And US synthetic biofuels firm Amyris Biotechnologies has picked up a further $21m from undisclosed investors in its ongoing second round. That's on top of the $70m announced last September.
Fund news
Private equity heavyweight Blackstone Group has launched a dedicated cleantech energy group. The team is led by James Kiggen (previously at AllianceBernstein, CSFB and DLJ) and will advise the group on conventional energy investments as well as sourcing renewables deals.
Further reading
NGO The Climate Group has published a detailed report on China's Clean Revolution (2.1mb pdf). Top line -
China is already the world’s leading renewable energy producer and is over-taking more developed economies in exploiting valuable economic opportunities, creating green-collar jobs and leading development of critical low carbon technologies
Rob Day at Cleantech Investing parses the latest US VC figures - according to Ernst & Young, another record quarter for cleantech with a total $962m new investment in 41 deals. Solar still accounts for the bulk of the money.

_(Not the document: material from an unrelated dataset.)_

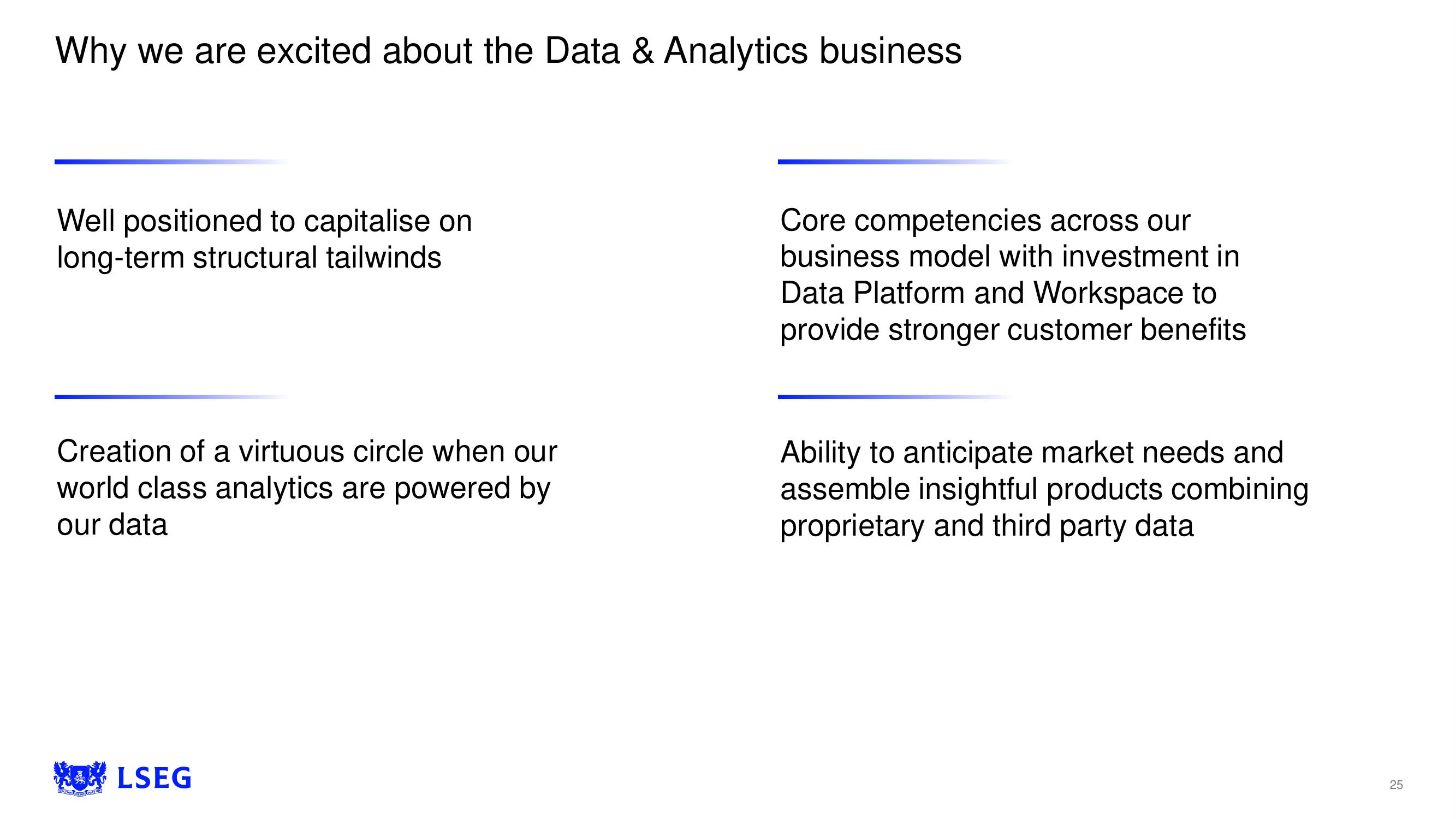 LSE Investor Day Presentation Deck slide image #25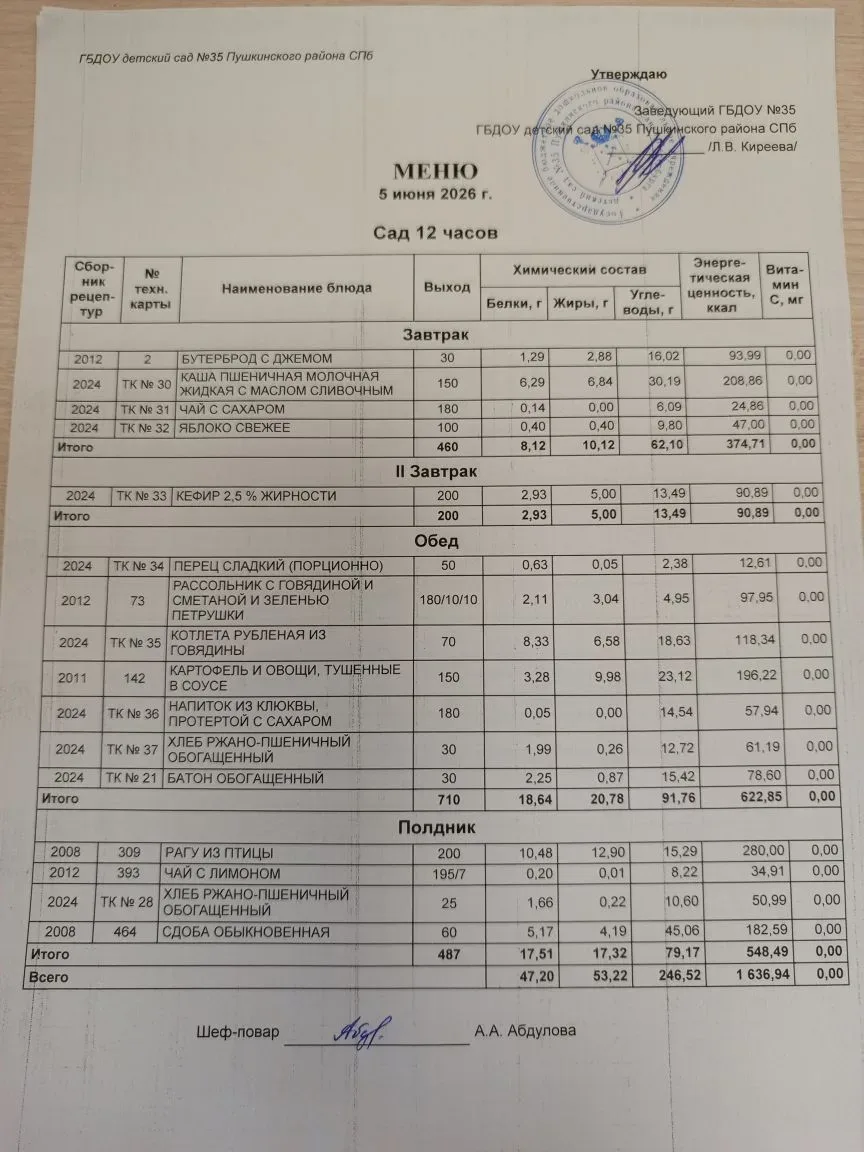 меню на 5 июня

But there's a big shift due for solar, according to a new silicon and wafer price index from New Energy Finance. They're forecasting a 43% drop in the cost of polysilicon next year as new production capacity comes online. While that should make your old-school silicon PV a lot more cost-effective, it will put a big dent in the rationale for the next-gen solar technologies (CIGS, CIS, etc) which VCs have been backing for the past couple of years.
An interesting tech on the road to commercialisation - 'anti-noise' active damping for wind turbines in residential areas. More details from the guys at the Fraunhofer Institute.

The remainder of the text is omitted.